** Opening Recorded data block **

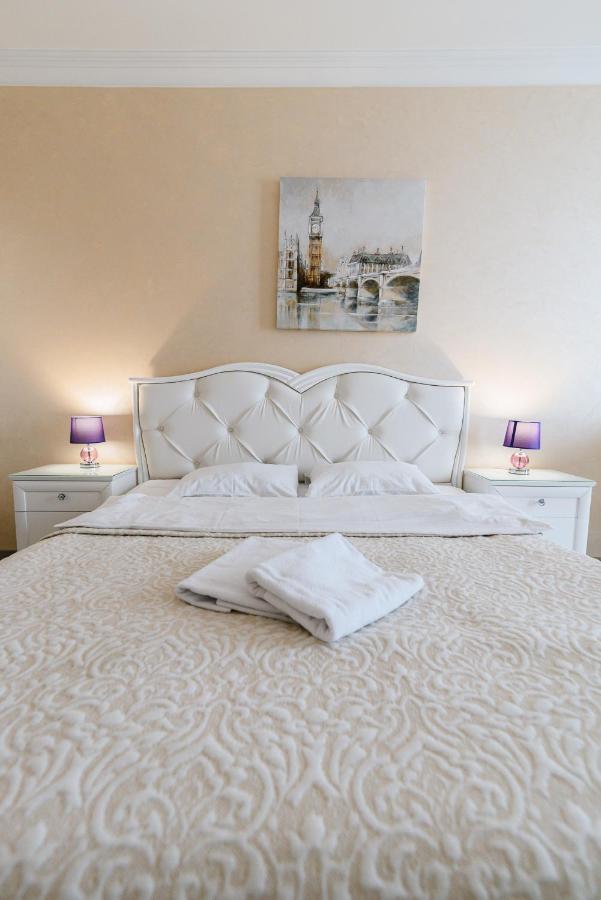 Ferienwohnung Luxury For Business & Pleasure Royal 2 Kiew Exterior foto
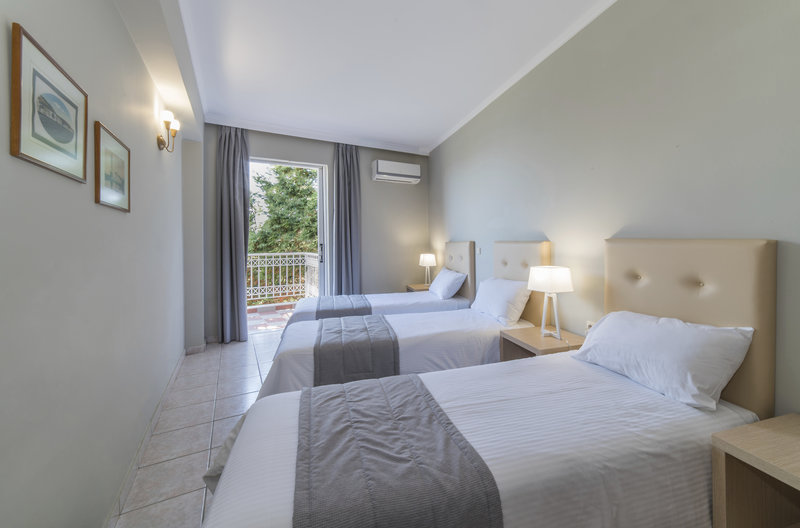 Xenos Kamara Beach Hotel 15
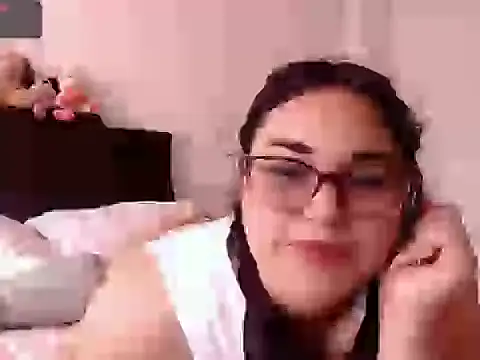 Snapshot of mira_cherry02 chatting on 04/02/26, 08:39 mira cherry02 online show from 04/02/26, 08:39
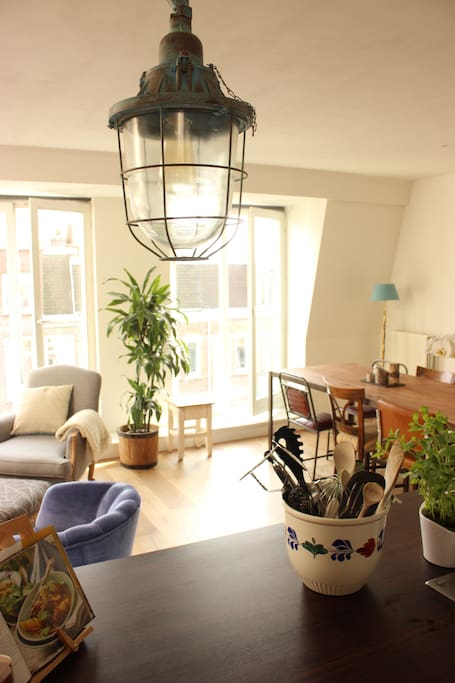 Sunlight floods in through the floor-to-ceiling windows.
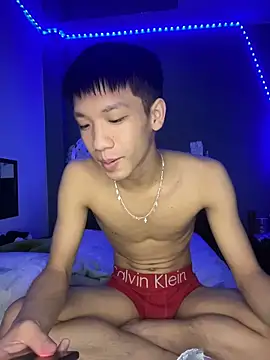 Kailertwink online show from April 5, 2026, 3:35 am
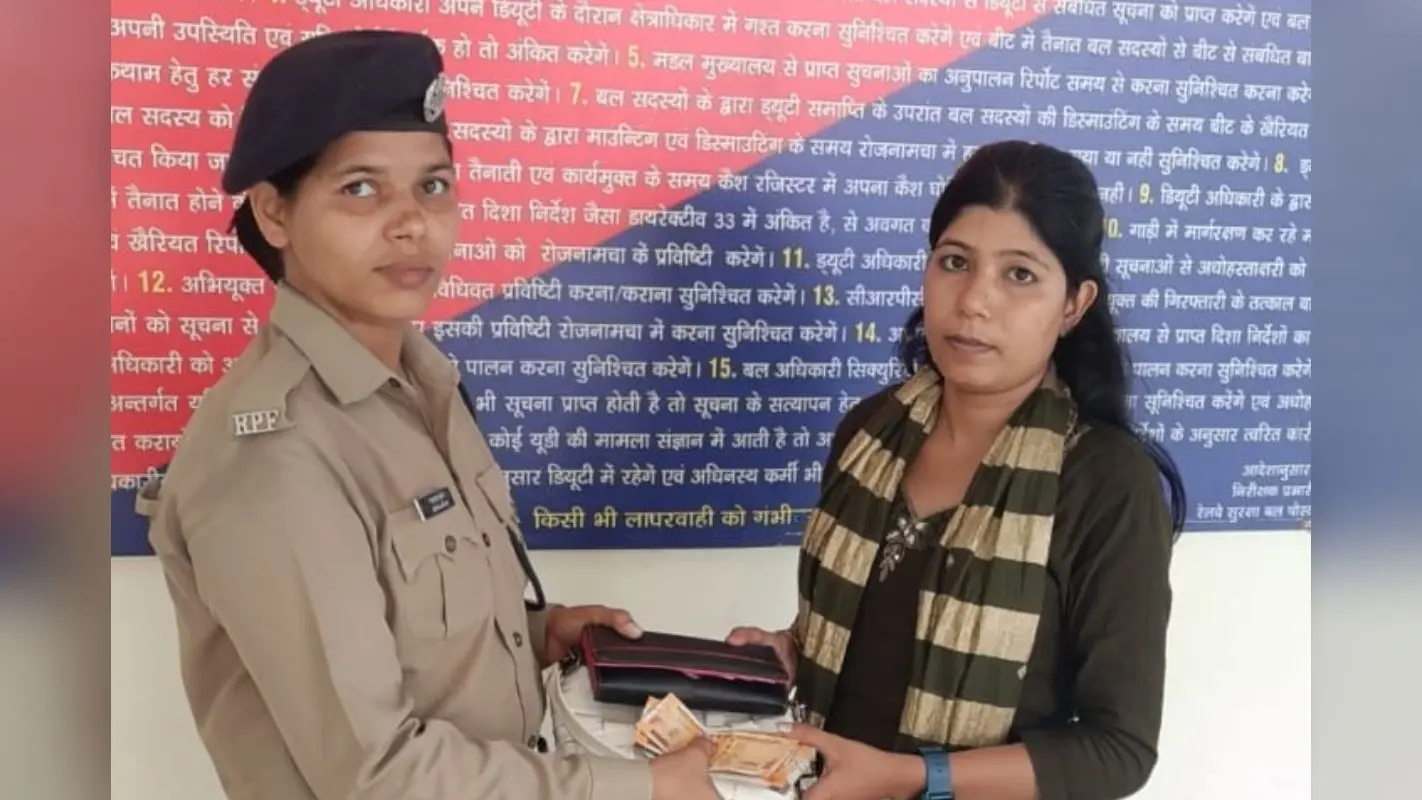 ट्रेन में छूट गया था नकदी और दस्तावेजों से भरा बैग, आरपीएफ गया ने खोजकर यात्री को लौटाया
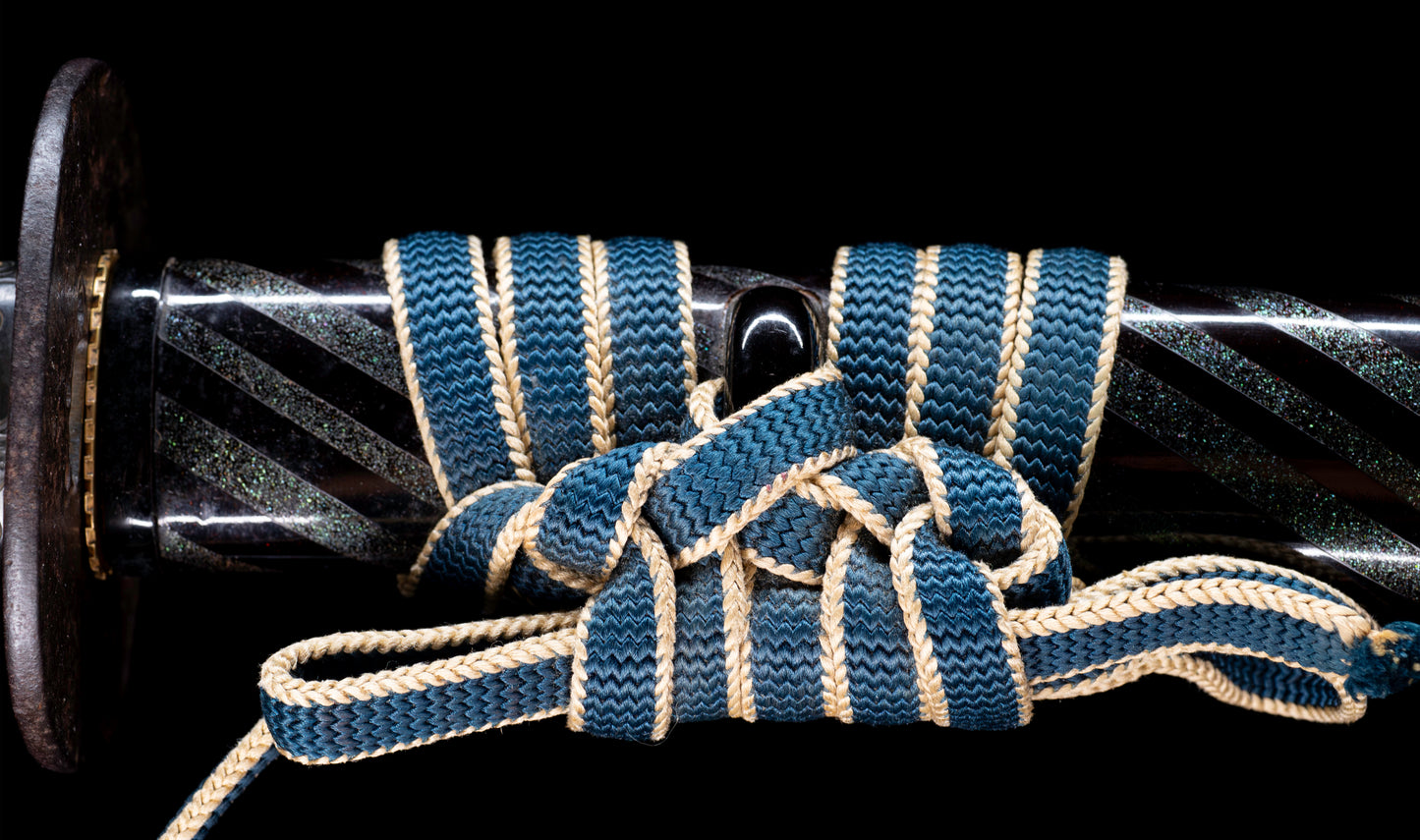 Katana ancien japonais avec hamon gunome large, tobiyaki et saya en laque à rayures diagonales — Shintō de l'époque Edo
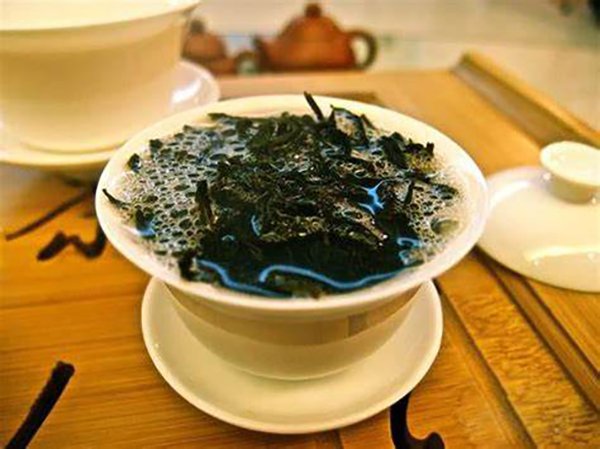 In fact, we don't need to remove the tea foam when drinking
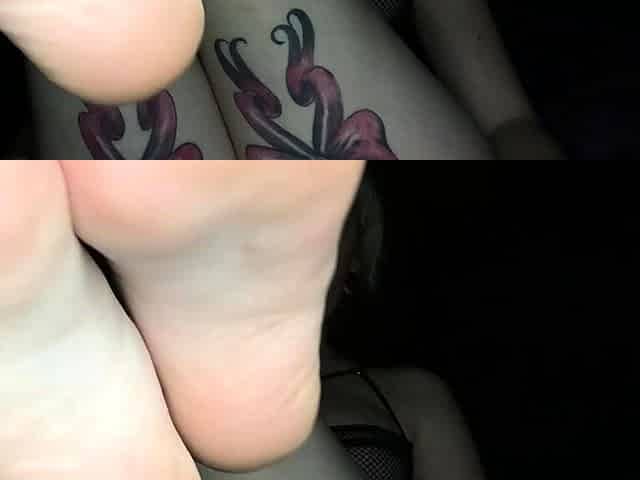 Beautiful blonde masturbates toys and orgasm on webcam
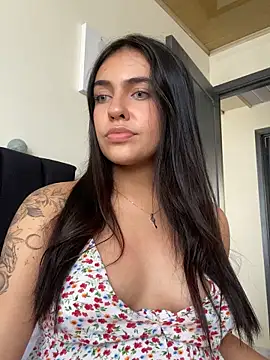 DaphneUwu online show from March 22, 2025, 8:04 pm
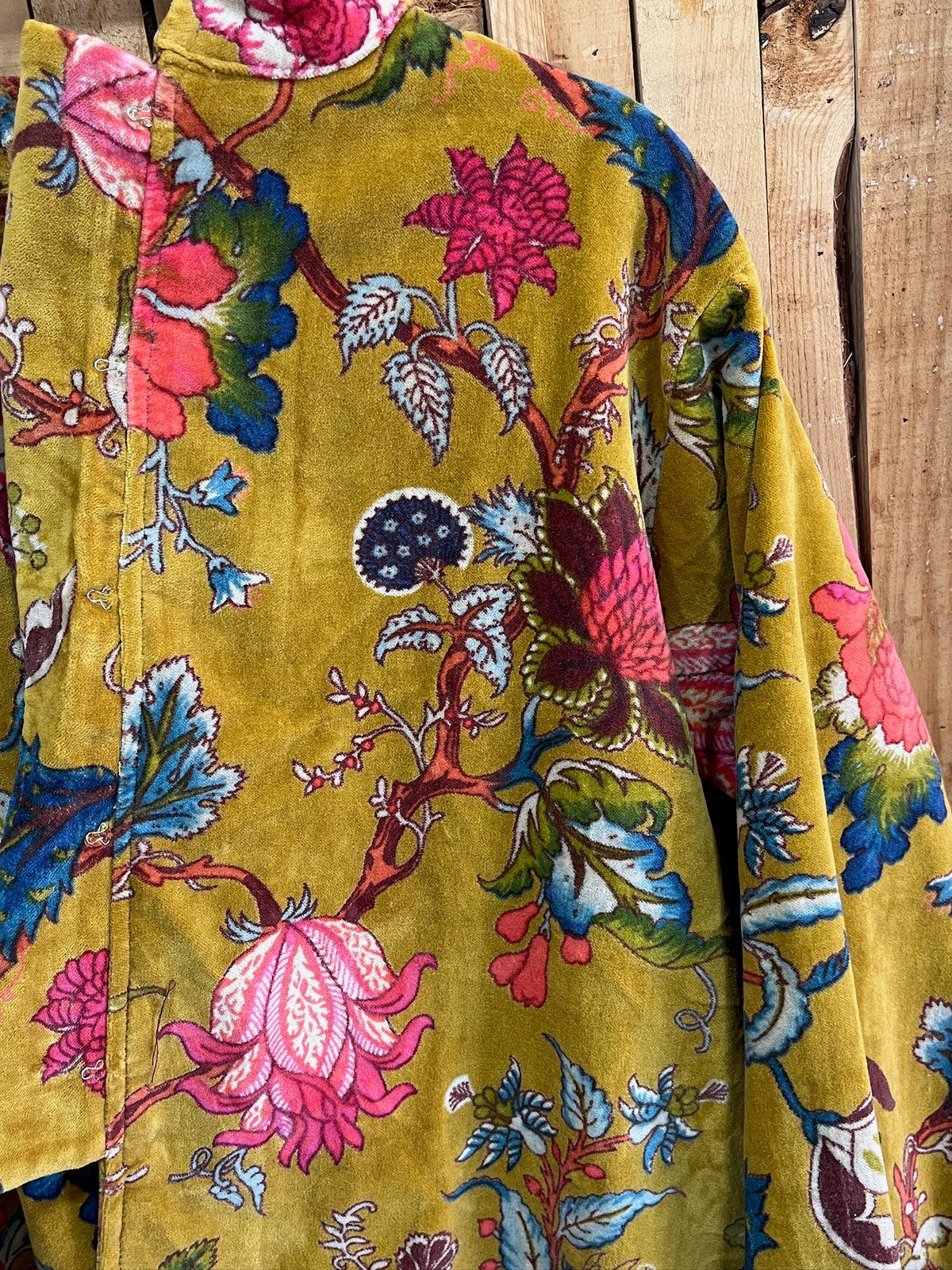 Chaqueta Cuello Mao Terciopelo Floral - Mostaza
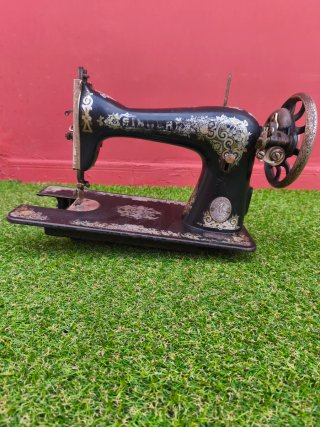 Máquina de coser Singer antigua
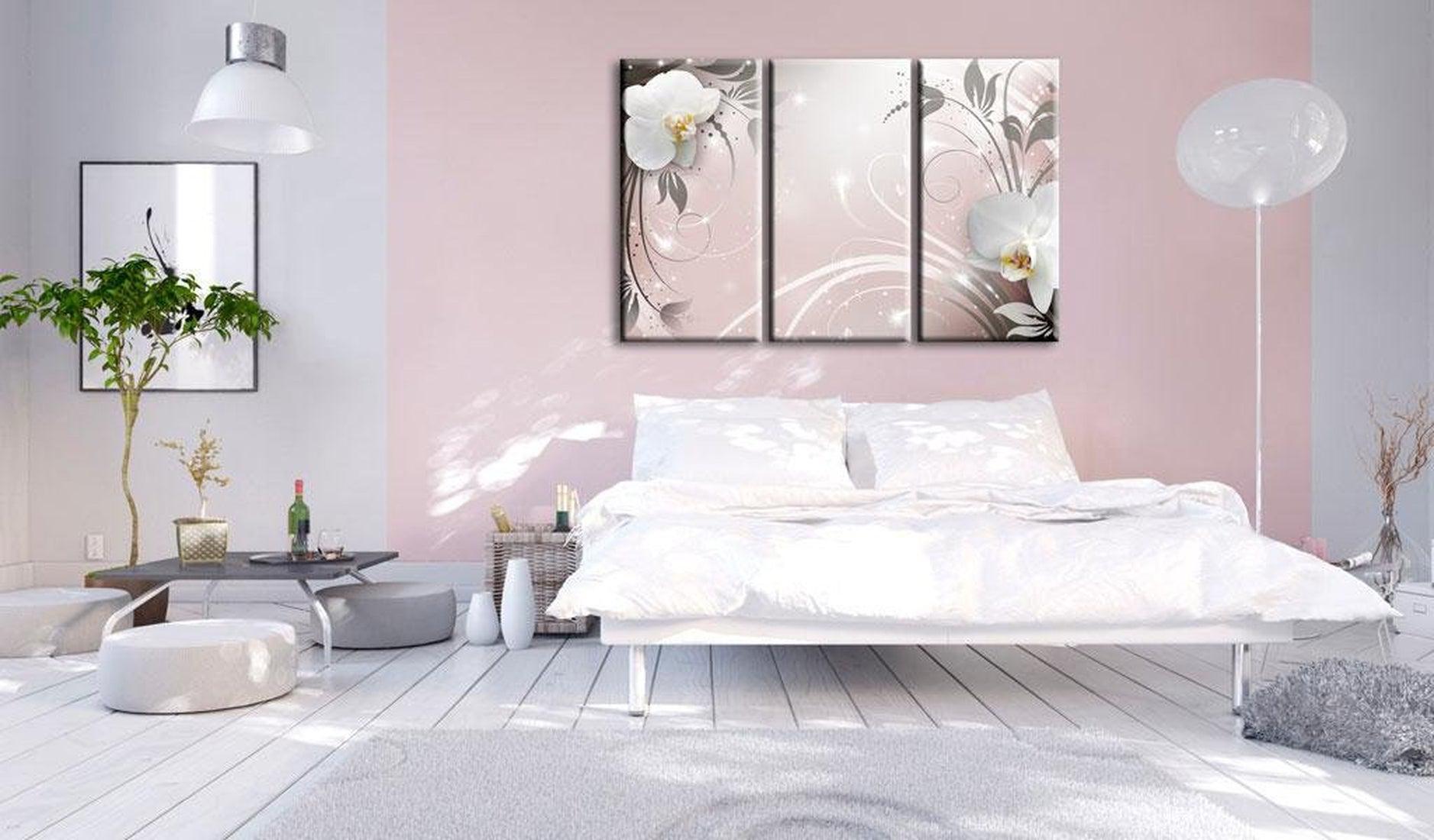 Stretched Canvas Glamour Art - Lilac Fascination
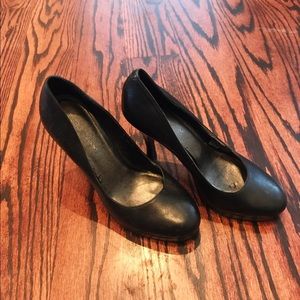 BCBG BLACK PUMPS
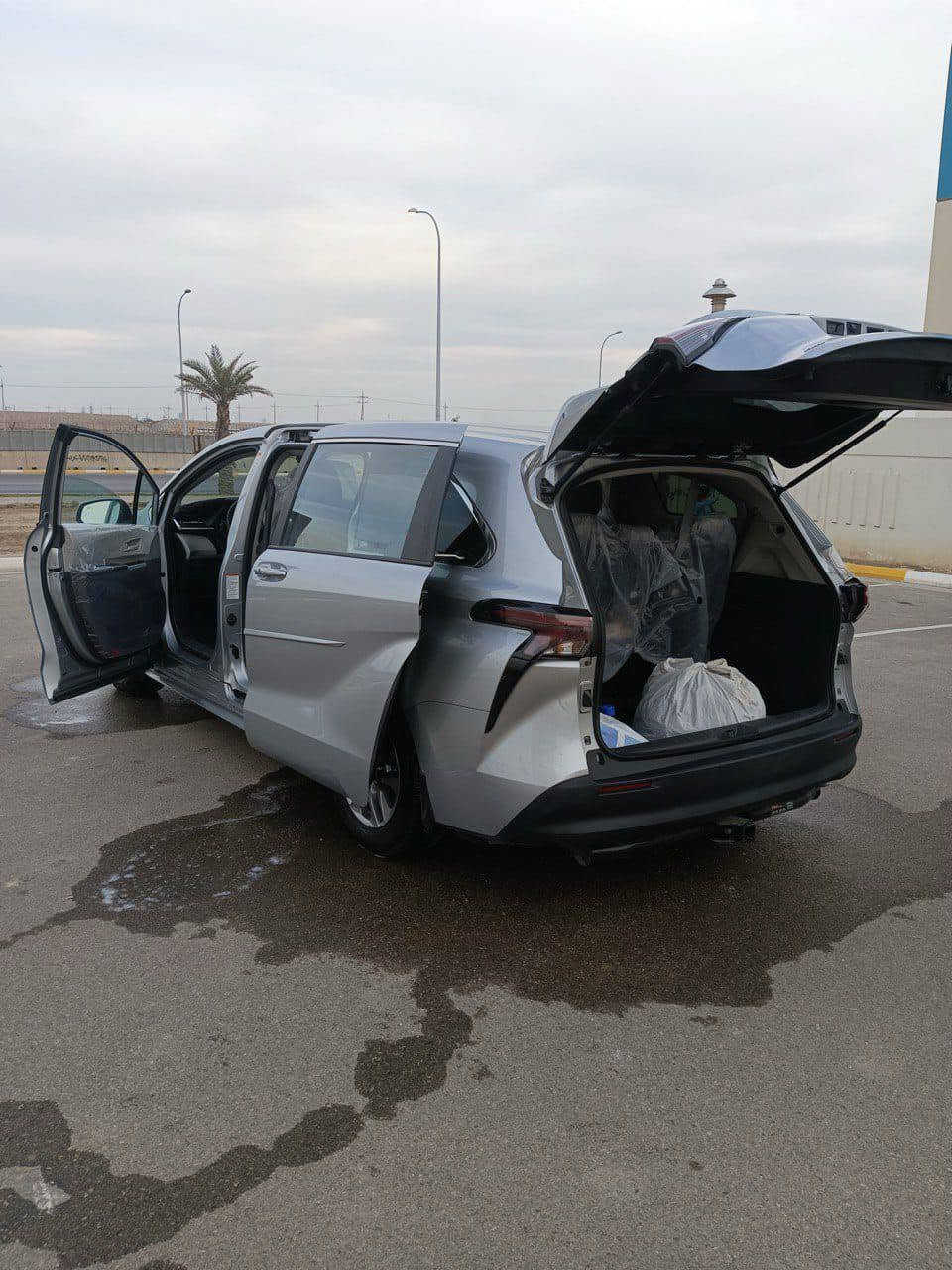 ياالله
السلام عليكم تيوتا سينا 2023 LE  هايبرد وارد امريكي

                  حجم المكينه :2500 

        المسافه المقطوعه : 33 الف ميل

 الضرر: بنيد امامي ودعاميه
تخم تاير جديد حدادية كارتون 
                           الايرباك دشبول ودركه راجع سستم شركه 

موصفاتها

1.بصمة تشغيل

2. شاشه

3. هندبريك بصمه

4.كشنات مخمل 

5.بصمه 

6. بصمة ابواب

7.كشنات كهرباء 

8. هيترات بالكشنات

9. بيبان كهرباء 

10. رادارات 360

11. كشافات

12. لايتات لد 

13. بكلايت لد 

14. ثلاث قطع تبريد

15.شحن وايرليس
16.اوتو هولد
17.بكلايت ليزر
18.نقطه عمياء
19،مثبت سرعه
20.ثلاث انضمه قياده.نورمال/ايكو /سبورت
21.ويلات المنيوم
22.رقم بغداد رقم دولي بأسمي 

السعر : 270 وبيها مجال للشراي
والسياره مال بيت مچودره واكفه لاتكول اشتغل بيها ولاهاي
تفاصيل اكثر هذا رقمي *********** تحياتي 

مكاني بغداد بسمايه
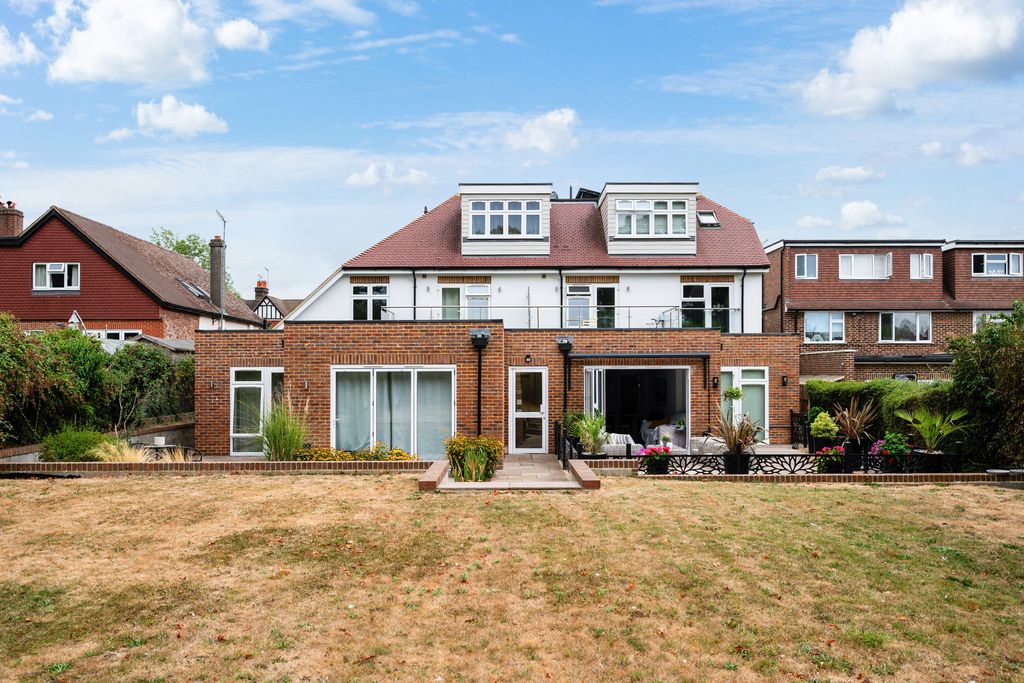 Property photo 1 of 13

** Closing Recorded data block **

▶ Prompt
If a picture appears in the data, omit it; transcribe all the rest exactly.

▶ Solution to the problem
 Ferienwohnung Luxury For Business & Pleasure Royal 2 Kiew Exterior foto
 Xenos Kamara Beach Hotel 15
 Snapshot of mira_cherry02 chatting on 04/02/26, 08:39 mira cherry02 online show from 04/02/26, 08:39
 Sunlight floods in through the floor-to-ceiling windows.
 Kailertwink online show from April 5, 2026, 3:35 am
 ट्रेन में छूट गया था नकदी और दस्तावेजों से भरा बैग, आरपीएफ गया ने खोजकर यात्री को लौटाया
 Katana ancien japonais avec hamon gunome large, tobiyaki et saya en laque à rayures diagonales — Shintō de l'époque Edo
 In fact, we don't need to remove the tea foam when drinking
 Beautiful blonde masturbates toys and orgasm on webcam
 DaphneUwu online show from March 22, 2025, 8:04 pm
 Chaqueta Cuello Mao Terciopelo Floral - Mostaza
 Máquina de coser Singer antigua
 Stretched Canvas Glamour Art - Lilac Fascination
 BCBG BLACK PUMPS
 ياالله
السلام عليكم تيوتا سينا 2023 LE  هايبرد وارد امريكي

                  حجم المكينه :2500 

        المسافه المقطوعه : 33 الف ميل

 الضرر: بنيد امامي ودعاميه
تخم تاير جديد حدادية كارتون 
                           الايرباك دشبول ودركه راجع سستم شركه 

موصفاتها

1.بصمة تشغيل

2. شاشه

3. هندبريك بصمه

4.كشنات مخمل 

5.بصمه 

6. بصمة ابواب

7.كشنات كهرباء 

8. هيترات بالكشنات

9. بيبان كهرباء 

10. رادارات 360

11. كشافات

12. لايتات لد 

13. بكلايت لد 

14. ثلاث قطع تبريد

15.شحن وايرليس
16.اوتو هولد
17.بكلايت ليزر
18.نقطه عمياء
19،مثبت سرعه
20.ثلاث انضمه قياده.نورمال/ايكو /سبورت
21.ويلات المنيوم
22.رقم بغداد رقم دولي بأسمي 

السعر : 270 وبيها مجال للشراي
والسياره مال بيت مچودره واكفه لاتكول اشتغل بيها ولاهاي
تفاصيل اكثر هذا رقمي *********** تحياتي 

مكاني بغداد بسمايه
 Property photo 1 of 13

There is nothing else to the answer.